To enhance wireless physical layer security even when global CSI is not available, beamforming with artificial noise has been widely investigated [12,13]. In [14], the artificial noise is placed in the null space of the destination’s channel to prevent artificial noise from leaking to the destination. Further, to decide what portion of available transmit power is allocated for sending artificial noise to interrupt eavesdroppers, the statistics of the eavesdroppers’ channels are exploited at the source in [15]. Since the exact CSI of the destination’s channel is required for the above techniques, the leakage of artificial noise to the destination is inevitable when the destination’s channel estimation is imperfect [16].

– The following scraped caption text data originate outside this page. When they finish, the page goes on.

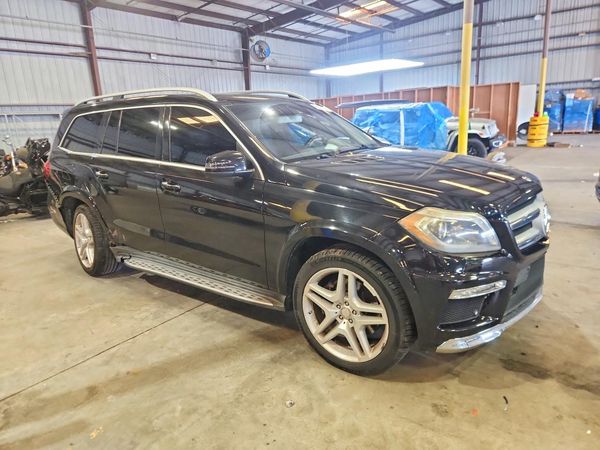 2015 MERCEDES-BENZ GL GL550 4MATIC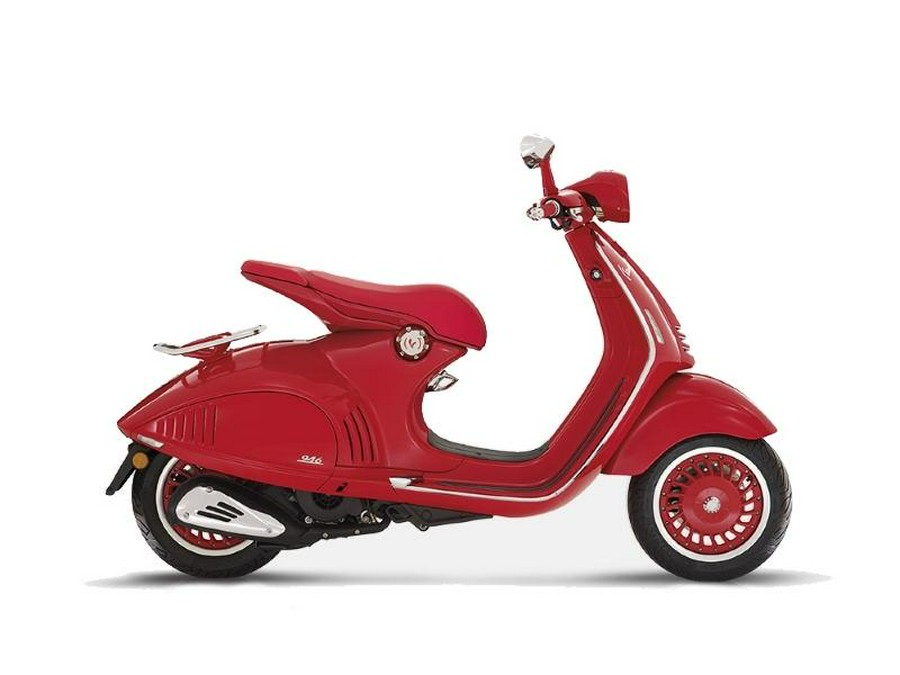 2018 Vespa (946)Red 150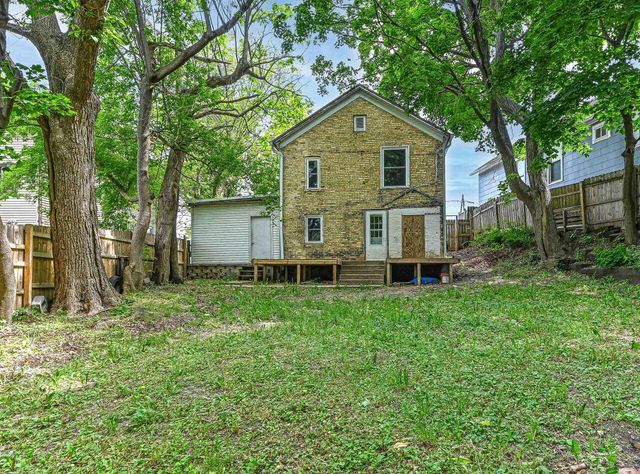 1721 Spring PLACE, Racine, WI 53404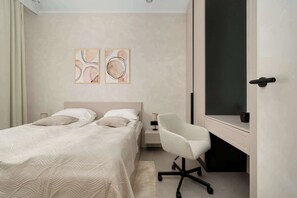 1 chambre, bureau, fer et planche à repasser, lit de bébé portatif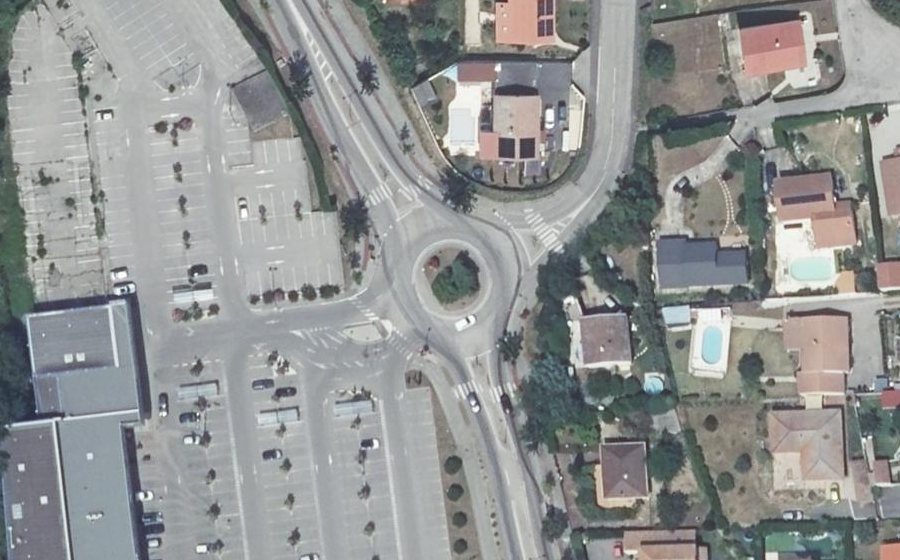 Vue aérienne du Rond-point anonyme n°13868422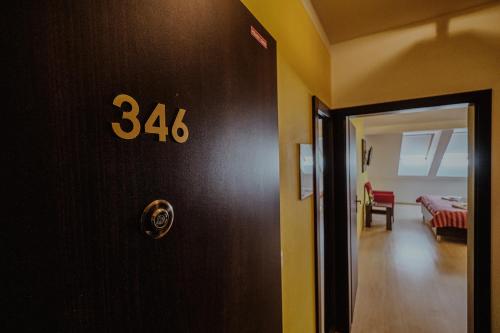Ένα ή περισσότερα κρεβάτια σε δωμάτιο στο Apartmany Gino Besenova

In this work, we propose a beamformer design scheme exploiting partial CSI in millimeter wave (mmWave) channels. The partial CSI exploited in this work is the range of angle-of-departure (AOD). We assume that even though the AOD of a dominant multipath between the BS and each node is not exactly known to the BS, it falls within a certain range and the AOD ranges of the destination and the eavesdroppers are available at the BS. Note that compound wiretap channels in [17] assume that the destination’s channel is perfectly known, while the eavesdroppers’ channels belong to a known set of channels characterized by partial CSI such as maximum channel gain. The AOD ranges for the eavesdroppers in this work can be considered as the known set of channels defined in compound wiretap channels. While the compound wiretap channel assumes the perfect knowledge on the destination’s channel, we consider only the AOD range for the destination. Using the AOD range information, we design a transmit beamformer for sending confidential messages based on array pattern synthesis using semidefinite programming [18].

Recently, array pattern synthesis has been utilized to design cluster beamformers in non-orthogonal multiple access systems. In [19], the cluster beamformer is designed to minimize inter-cluster interference under the constraint of maintaining the beamforming gain to the desired cluster exceeding a given threshold. Unlike the previous study in [19], we focus on maximizing the ratio of the beamforming gains at the destination and the eavesdroppers by considering that the secrecy rate is determined by the difference between rates at the destination and the eavesdroppers. Using numerical results, we show that the proposed approach using AOD ranges is efficient for physical layer security when the array antenna size is large and the channel estimation error is critical.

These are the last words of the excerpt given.